_WHAT YOU ARE ASKED TO DO_: Copy out again, unchanged, the listing below from the line that has "Siegelsticker Hochzeit Volles Herz" through the line that has "2018-19 Donruss Optic".

- - - - -

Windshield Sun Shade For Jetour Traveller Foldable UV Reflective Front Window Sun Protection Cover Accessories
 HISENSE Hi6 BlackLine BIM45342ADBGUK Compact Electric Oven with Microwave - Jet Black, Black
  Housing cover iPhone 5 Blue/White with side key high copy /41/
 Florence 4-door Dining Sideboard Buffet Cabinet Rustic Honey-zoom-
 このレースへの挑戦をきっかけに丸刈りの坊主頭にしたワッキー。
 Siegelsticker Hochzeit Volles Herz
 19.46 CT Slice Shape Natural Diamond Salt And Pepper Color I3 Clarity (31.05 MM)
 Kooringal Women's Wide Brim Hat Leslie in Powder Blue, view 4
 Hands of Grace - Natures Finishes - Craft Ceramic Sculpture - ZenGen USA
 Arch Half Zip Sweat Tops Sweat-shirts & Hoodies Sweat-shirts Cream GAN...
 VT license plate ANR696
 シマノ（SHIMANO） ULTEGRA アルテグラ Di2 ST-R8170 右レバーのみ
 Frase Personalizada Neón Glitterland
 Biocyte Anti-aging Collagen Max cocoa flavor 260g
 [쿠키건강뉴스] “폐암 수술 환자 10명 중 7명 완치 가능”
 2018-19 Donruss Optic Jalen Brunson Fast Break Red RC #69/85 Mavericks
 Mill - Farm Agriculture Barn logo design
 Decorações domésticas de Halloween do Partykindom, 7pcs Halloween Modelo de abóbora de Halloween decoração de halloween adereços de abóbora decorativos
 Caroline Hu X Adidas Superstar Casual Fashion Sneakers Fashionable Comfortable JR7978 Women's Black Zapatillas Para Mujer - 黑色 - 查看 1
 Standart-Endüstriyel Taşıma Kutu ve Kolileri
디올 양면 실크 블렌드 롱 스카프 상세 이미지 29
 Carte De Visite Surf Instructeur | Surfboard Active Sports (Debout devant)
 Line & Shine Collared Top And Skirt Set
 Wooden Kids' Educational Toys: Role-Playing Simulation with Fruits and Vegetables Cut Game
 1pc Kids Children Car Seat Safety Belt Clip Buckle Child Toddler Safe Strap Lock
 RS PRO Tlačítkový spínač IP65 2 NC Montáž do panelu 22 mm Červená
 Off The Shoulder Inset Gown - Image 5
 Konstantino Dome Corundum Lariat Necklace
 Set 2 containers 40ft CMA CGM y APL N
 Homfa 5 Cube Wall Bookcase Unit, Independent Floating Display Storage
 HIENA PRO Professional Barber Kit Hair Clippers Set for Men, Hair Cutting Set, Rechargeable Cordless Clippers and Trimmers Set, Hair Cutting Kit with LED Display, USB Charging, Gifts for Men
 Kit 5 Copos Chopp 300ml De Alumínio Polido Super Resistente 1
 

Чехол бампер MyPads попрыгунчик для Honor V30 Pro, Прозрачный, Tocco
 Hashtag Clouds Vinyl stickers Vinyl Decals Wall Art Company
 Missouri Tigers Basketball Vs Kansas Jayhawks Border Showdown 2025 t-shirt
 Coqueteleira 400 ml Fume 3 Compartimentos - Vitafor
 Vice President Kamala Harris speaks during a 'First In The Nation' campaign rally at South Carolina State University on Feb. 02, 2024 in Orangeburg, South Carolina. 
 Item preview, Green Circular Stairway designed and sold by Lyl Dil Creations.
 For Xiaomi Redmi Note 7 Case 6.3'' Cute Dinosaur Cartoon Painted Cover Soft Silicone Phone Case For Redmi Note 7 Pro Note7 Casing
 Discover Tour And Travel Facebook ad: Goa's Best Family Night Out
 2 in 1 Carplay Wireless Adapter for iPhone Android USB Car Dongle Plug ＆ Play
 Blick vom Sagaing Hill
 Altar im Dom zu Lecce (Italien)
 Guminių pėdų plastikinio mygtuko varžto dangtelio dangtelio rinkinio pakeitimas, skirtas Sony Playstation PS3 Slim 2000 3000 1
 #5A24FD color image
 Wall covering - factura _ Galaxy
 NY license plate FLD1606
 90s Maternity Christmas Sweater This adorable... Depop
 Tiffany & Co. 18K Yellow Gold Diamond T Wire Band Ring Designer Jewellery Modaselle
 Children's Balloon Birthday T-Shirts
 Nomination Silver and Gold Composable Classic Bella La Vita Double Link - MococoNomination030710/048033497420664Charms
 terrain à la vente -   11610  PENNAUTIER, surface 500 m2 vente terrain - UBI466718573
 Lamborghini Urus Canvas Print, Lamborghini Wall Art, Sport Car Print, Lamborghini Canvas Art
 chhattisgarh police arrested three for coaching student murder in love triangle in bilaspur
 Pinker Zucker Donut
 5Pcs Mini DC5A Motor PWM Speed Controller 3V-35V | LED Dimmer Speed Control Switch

- - - - -

_EXPECTED ANSWER_:
 Siegelsticker Hochzeit Volles Herz
 19.46 CT Slice Shape Natural Diamond Salt And Pepper Color I3 Clarity (31.05 MM)
 Kooringal Women's Wide Brim Hat Leslie in Powder Blue, view 4
 Hands of Grace - Natures Finishes - Craft Ceramic Sculpture - ZenGen USA
 Arch Half Zip Sweat Tops Sweat-shirts & Hoodies Sweat-shirts Cream GAN...
 VT license plate ANR696
 シマノ（SHIMANO） ULTEGRA アルテグラ Di2 ST-R8170 右レバーのみ
 Frase Personalizada Neón Glitterland
 Biocyte Anti-aging Collagen Max cocoa flavor 260g
 [쿠키건강뉴스] “폐암 수술 환자 10명 중 7명 완치 가능”
 2018-19 Donruss Optic Jalen Brunson Fast Break Red RC #69/85 Mavericks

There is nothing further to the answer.